For the dumpling wrapper
All purpose flour – 2 cups
Salt – 2 tsp
Water – warm, ½ cup
For the dumpling filling
Chicken thighs, boneless, skinless – finely diced, 1.5 lbs
Red onion – finely diced, ½ cup
Scallions, green parts only – finely chopped, ½ cup
Ginger – grated, 1 tbsp
Garlic – grated, 1 tbsp
Cilantro – finely chopped, 2 tbsp
Cumin – 2 tbsp
Salt – 2 tsp
Olive oil—2 tbsp
For the spicy tomato chutney
Tomatoes – 2
Red chilli peppers – 2
Garlic cloves – 2
Almonds – 6
Vinegar – 1 tsp
Sugar – ½ tsp
Salt – 1
Mixing bowl (2)
Medium sized pot
Prepare the dough
- Sift and add the all-purpose flour to a mixing bowl.
- Add salt and stir to mix.
- Make a well in the center and add the warm water in a stream and incorporate it into the flour forming a dough.
- Knead the dough and form it into a ball. If it is dry and crumbly, add a little more water but be careful not to add too much, else it might get sticky.
- Cover the bowl and set the dough aside for at least 30 minutes.
Make the filling
- While the dough rests, in a mixing bowl, add the chicken, onion, scallions, ginger, garlic, cumin and salt and mix well to combine.

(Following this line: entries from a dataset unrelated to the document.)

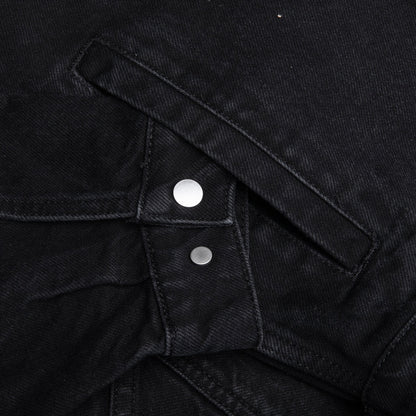 R4 Denim Jacket - Black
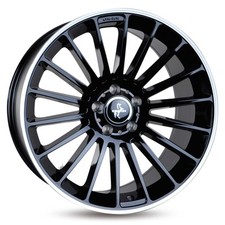 17" ABE Keskin KT15 BLP Alufelgen für VW Caddy IV Alltrack Typ 2K, 2KN Jetzt Neu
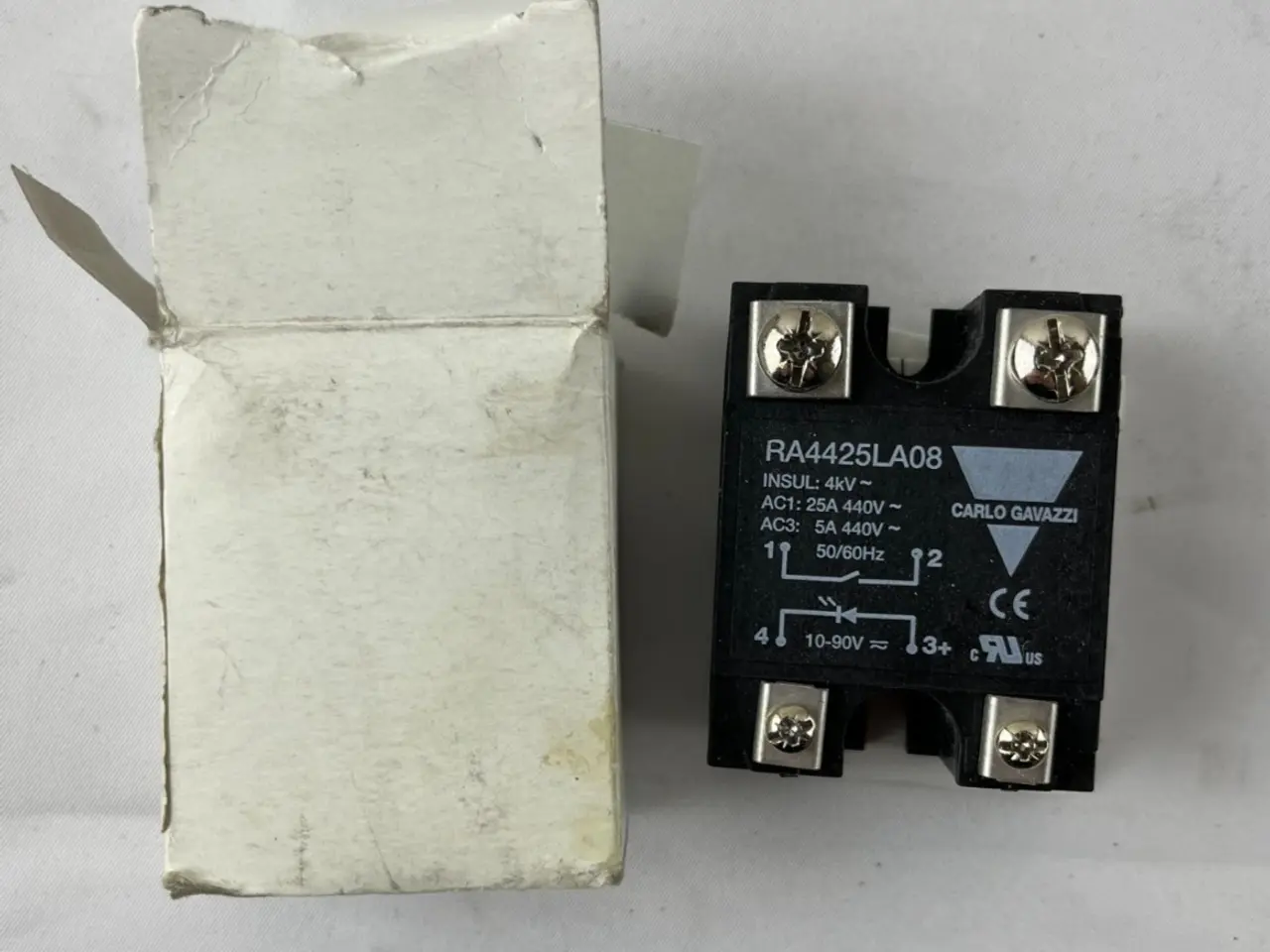 Billede 1 - Carlo Gavazzi RA4425LA08 Solid State relæ SSR, 25A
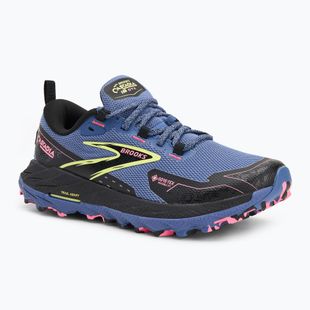 Dámské běžecké boty Brooks Cascadia 18 GTX grey blue/black/pink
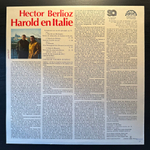 Берлиоз - Гарольд В Италии, соч. 16 (Чехословакия 1986г.)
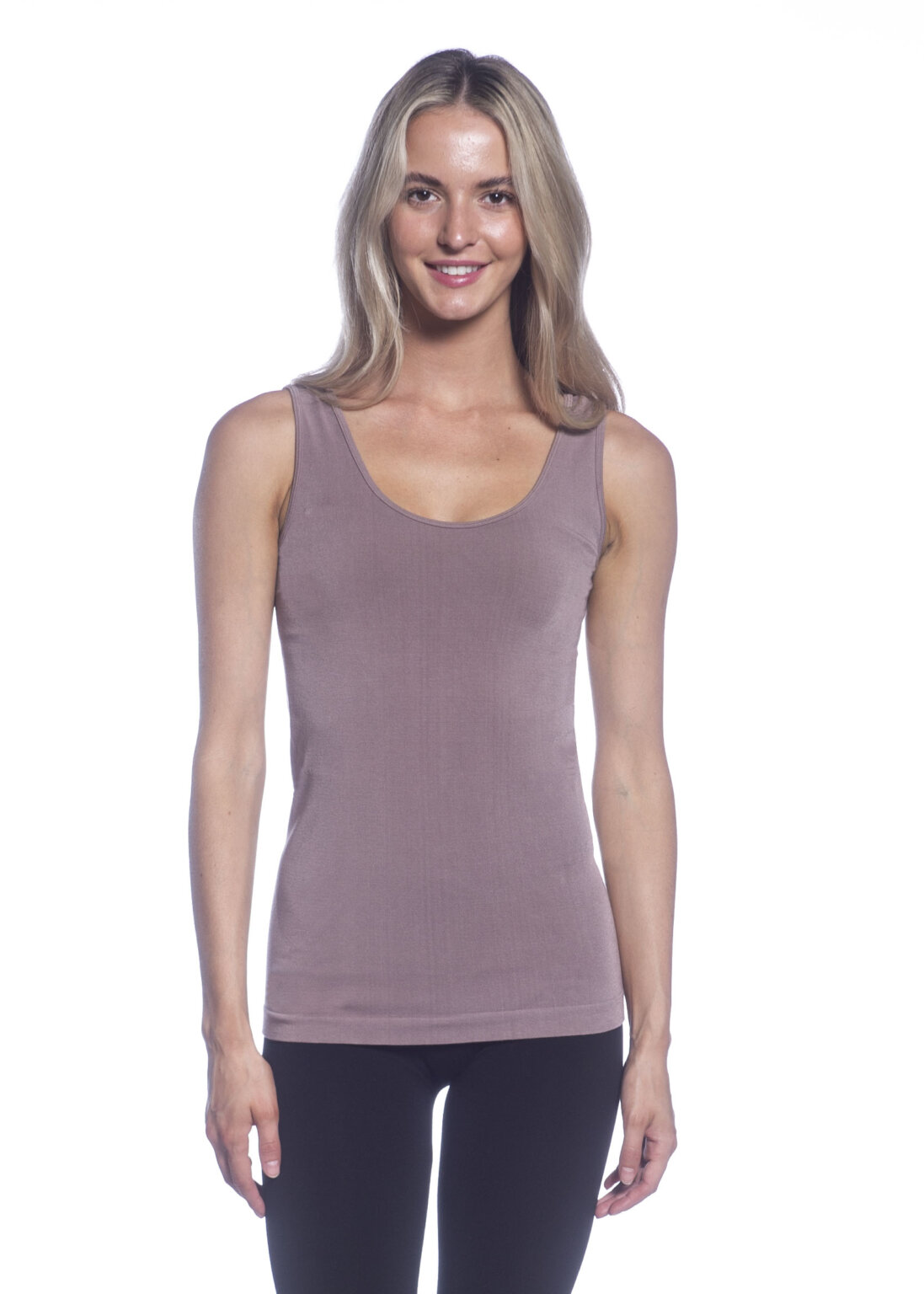 Bamboo Seamless Fitted Tank Top - DKR & Company Apparel / Clothes Out ...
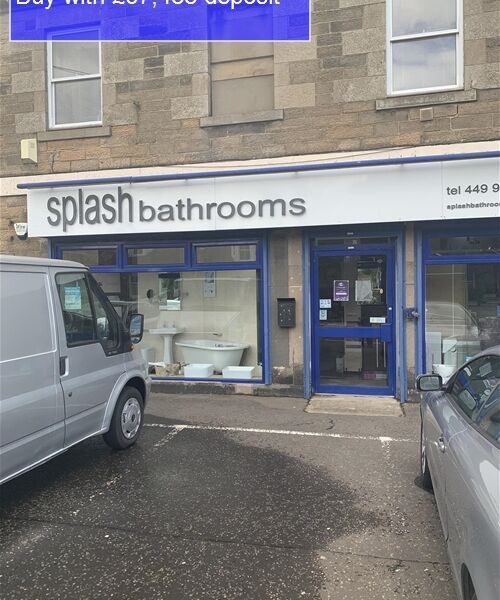 BESPOKE BATHROOM SALES & FITTING CENTRE IN EDINBURGH SUBURB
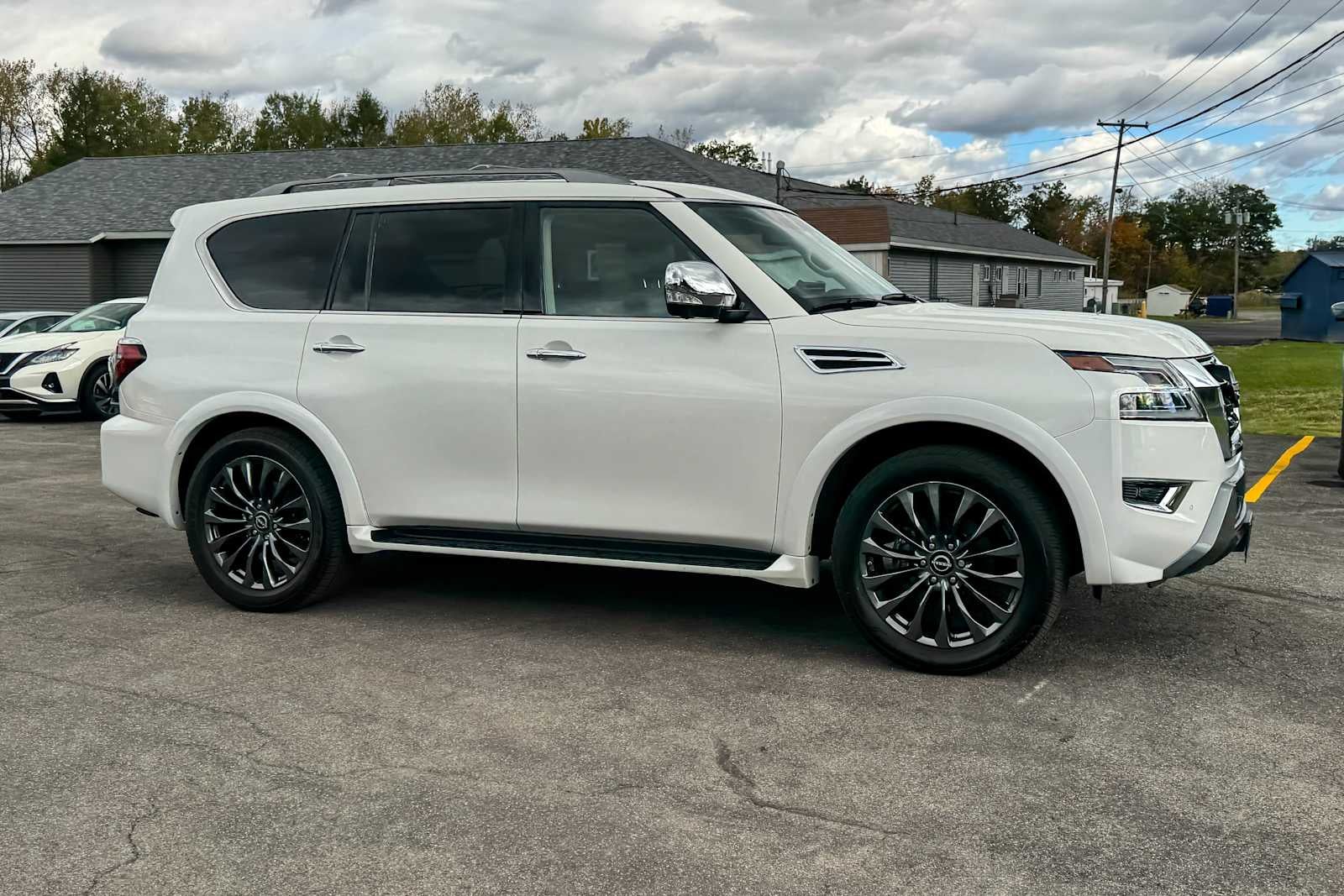 2023 Nissan Armada Platinum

- Set the bowl aside in the refrigerator.
Spicy Tomato Chutney
- Once the filling is in the refrigerator, set a pot of water to boil
- When the water comes to a boil add the tomatoes, chilies, and garlic cloves
- Blanch the tomatoes, chilies, and garlic cloves for 10 – 15 minutes
- Strain and let cool
- When cool, add the blanched tomatoes, chilies, and garlic cloves to a blender and blend on high speed.
- Add the almonds, salt, and sugar and blend again.
- Then drizzle in the vinegar and blend till the chutney is smooth.
- Transfer chutney to a bowl.
Assemble the momos
- Lightly flour your working surface and split the dough into quarter sized balls
- Using a rolling pin, roll out each ball into little circles no bigger than your palm. Ideally the edges should be thinner
- Place about 1 tbsp of the chicken filling in the center of the circle and pleat the edges and pinch to form a purse (or just fold to form moon-shaped little pies and pinch the edge)
- Repeat with all the dough (or as many as you’d like to make).
- Lightly oil the steamer tray and place the momos a few inches apart
- Steam cook for 12—15 minutes
- Momos are ready when the dough is cooked and slightly translucent
Enjoy your Momos hot with the spicy tomato chutney!